Schedule 4 to this Act (effect of charges to betterment levy on charges to tax under Schedules A and D) shall have effect.

89Non-residents

(1)Section 78 of the Taxes Management Act 1970 (taxation of non-residents in name of agent) shall not apply to tax on profits or gains chargeable to tax under Schedule A, or on any of the profits or gains chargeable under Case VI of Schedule D—

(a)in a case falling within paragraph 4 of Schedule A, or

(b)which arise under the terms of a lease, but to a person other than the landlord, or otherwise arise out of any disposition or contract such that if they arose to the person making it they would be chargeable under Schedule A,

where payment is made (whether in the United Kingdom or elsewhere) directly to a person whose usual place of abode is outside the United Kingdom, but section 53 of this Act shall apply in relation to the payment as it applies to annual payments charged with tax under Case III of Schedule D and not payable out of profits or gains brought into charge to income tax.

(2)Subsection (1) above shall apply in relation to sums chargeable to tax under Case VI of Schedule D by virtue of any provision of sections 80 to 82 above as it applies to profits or gains chargeable to tax under Schedule A.

(3)Where by virtue of subsection (1) above the income tax chargeable for any year of assessment on a person's profits or gains chargeable to tax under Schedule A or Case VI of Schedule D or both would, apart from this subsection, be greater than the tax which would be chargeable thereon apart from section 69(2) of this Act, then, on a claim in that behalf being made, relief shall be given from the excess, whether by repayment or otherwise.

90Interpretation

(1)In this Part of this Act, except where the context otherwise requires—

(2)For the purposes of this Part of this Act any sum (other than rent) paid on or in connection with the granting of a tenancy shall be presumed to have been paid by way of premium except in so far as other sufficient consideration for the payment is shown to have been given.

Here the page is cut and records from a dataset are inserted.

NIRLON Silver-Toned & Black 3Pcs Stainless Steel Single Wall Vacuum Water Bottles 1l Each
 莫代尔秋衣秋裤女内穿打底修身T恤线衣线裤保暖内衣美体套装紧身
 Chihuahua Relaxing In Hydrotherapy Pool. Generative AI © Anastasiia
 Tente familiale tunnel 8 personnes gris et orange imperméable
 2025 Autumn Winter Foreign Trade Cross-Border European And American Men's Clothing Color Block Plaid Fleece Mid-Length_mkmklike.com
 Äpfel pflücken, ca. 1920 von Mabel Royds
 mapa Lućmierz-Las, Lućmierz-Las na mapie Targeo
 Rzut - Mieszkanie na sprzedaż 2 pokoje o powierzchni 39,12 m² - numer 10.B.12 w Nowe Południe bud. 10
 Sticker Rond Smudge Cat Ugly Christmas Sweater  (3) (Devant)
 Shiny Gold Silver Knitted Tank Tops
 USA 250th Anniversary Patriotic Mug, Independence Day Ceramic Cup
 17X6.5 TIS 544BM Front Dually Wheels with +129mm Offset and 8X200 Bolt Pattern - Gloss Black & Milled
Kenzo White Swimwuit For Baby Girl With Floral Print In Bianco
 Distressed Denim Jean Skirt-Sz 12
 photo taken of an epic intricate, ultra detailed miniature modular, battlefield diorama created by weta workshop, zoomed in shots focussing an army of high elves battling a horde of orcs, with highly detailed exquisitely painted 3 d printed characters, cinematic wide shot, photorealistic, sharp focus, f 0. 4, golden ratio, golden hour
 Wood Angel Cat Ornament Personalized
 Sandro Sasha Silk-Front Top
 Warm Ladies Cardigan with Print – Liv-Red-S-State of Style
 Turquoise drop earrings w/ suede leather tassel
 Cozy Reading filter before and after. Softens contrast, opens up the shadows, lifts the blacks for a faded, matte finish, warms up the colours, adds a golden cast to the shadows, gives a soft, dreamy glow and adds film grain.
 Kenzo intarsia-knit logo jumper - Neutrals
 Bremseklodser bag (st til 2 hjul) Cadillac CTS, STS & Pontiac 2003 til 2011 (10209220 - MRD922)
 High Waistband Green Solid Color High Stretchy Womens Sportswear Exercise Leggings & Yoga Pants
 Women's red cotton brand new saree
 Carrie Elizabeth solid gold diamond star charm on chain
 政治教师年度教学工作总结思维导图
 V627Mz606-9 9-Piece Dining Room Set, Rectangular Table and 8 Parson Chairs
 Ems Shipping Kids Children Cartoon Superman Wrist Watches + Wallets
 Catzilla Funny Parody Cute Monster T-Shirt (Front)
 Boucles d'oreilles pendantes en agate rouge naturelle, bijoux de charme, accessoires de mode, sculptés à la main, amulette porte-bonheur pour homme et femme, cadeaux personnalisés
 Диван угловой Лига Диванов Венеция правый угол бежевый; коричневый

(3)In the application of this Part of this Act to Scotland " premium" includes in particular a grassum payable to any landlord or intermediate landlord on the creation of a sublease; and in this subsection "intermediate landlord" means, where an occupying lessee is a sub-lessee, any person for the time being holding the interest of landlord under a sub-lease which comprises the property of which the occupying lessee is sub-lessee, but does not include the immediate landlord.